同社の収益はアンチモン製品が中心で、ゼオライトや貴金属の売上も含まれます。売上は少数の大口顧客に偏っており、2024年は上位2社で約43%を占めたほか、原料供給もカナダの一社に依存しているため、価格や供給の変動が業績に直結する構造です。

事業は大きくアンチモン事業とゼオライト事業に分かれます。アンチモン製品はプラスチックやゴムの難燃剤、鉛蓄電池や弾薬の部材など工業用途向けで、同社は国内での加工能力とメキシコの大規模製錬所を持ち短納期で供給できます。ゼオライトは水処理、環境浄化、飼料や土壌改良など多用途で、BRZ(Bear River Zeolite)拠点を通じて採掘から販売まで垂直統合で展開し、アラスカやカナダでの鉱区拡大も進めています。

経営方針

同社はまず収益基盤の強化による成長を目指しています。2024年の連結売上高は約1,494万ドルと前期比72%増加し、アンチモニー部門の売上増や単価上昇で改善を果たしました。経営目標としては営業キャッシュフローの継続的なプラス化と株主価値の向上を掲げており、2024年は営業活動で約222万ドルのキャッシュを創出したことや、EBITDA赤字を前年の約538万ドルから約63.6万ドルへ大幅に縮小した点を実績として強調しています。配当は当面行わず、利益は事業拡大と設備・運転資金に再投資する方針です。

同社は重点的に設備と人的基盤への投資を進め差別化を図っています。アンチモニー処理では米国で唯一の稼働許可を有する製錬所を保有しており、国内向けに迅速な供給が可能なことを競争優位と位置付けています。2024年は生産効率改善、管理体制の増強、販売・顧客対応の強化に伴う人員補強や報酬制度整備に資金を投入し、株式発行で約280万ドル、ワラント行使で約150万ドルの資金調達を行いました。原料調達の集中や価格変動リスクに対しては仕入先の多様化と在庫管理の改善で対応を図っています。

新市場開拓と事業拡大は鉱区取得と探査計画を通じて進められています。同社は垂直統合戦略を追求しており、2024年にアラスカ州とカナダ・オンタリオ州の鉱区権利を取得して将来的な採掘拡大を目指しています。まず地球物理調査や地質・薄片分析を実施し、将来的には包括的な掘削プログラムを実行する計画で、これにより製品ライン拡充と資源の内製化を狙っています。加えてメキシコやカナダの拠点を生かした供給能力拡大や、ゼオライト事業(BRZ)の生産・販売基盤強化も進めています。
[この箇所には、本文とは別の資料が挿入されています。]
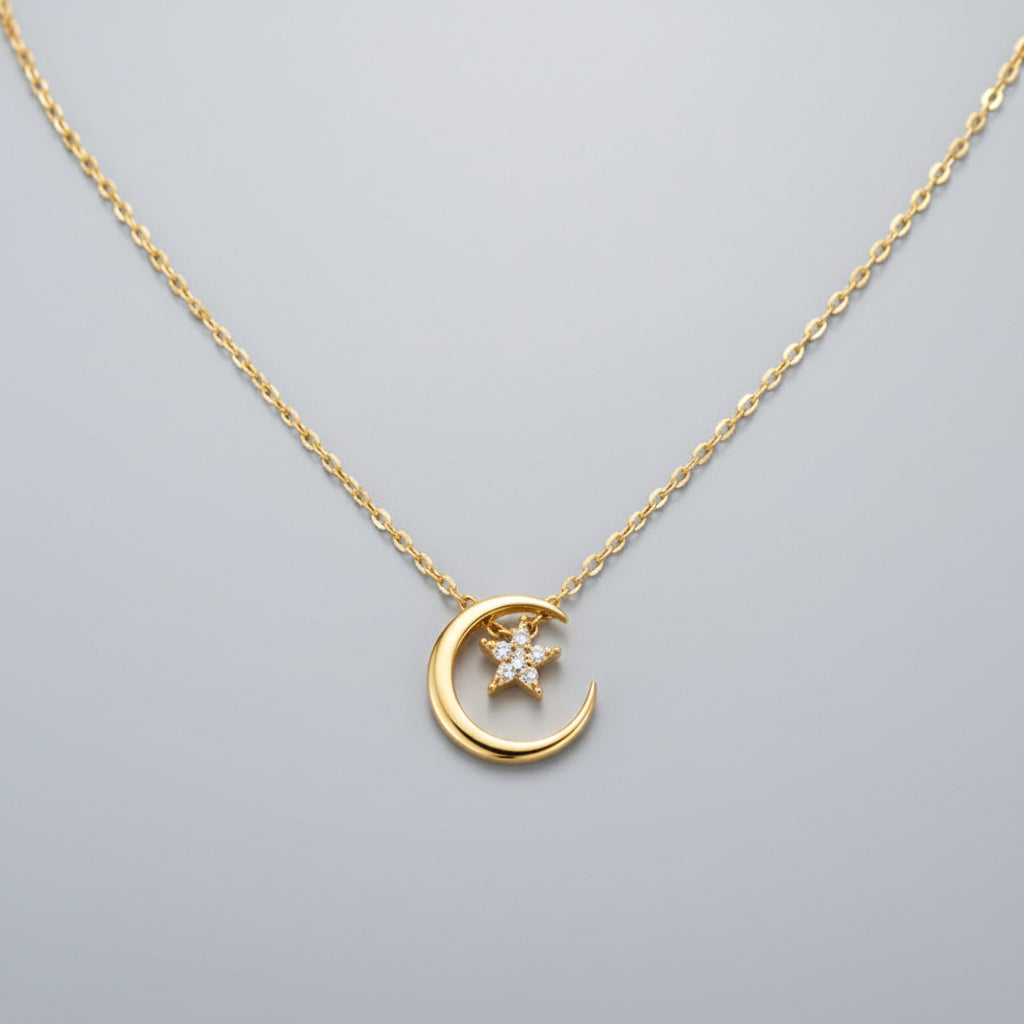 Collier étoile et lune avec Zircons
技術革新と内部管理の改善にも注力しています。同社は工場の稼働効率向上や工程改善によって単位当たりのコスト低減を実現しようとしており、また内部統制の強化に向けて最高財務責任者(CFO)や会計担当者の採用、監査委員会の強化、業務管理ソフトやクラウド基盤の導入を進めています。これらは財務報告の信頼性向上と業務の標準化に直結する施策であり、長期的には生産性と規模の経済を活かした収益改善につなげることを目指しています。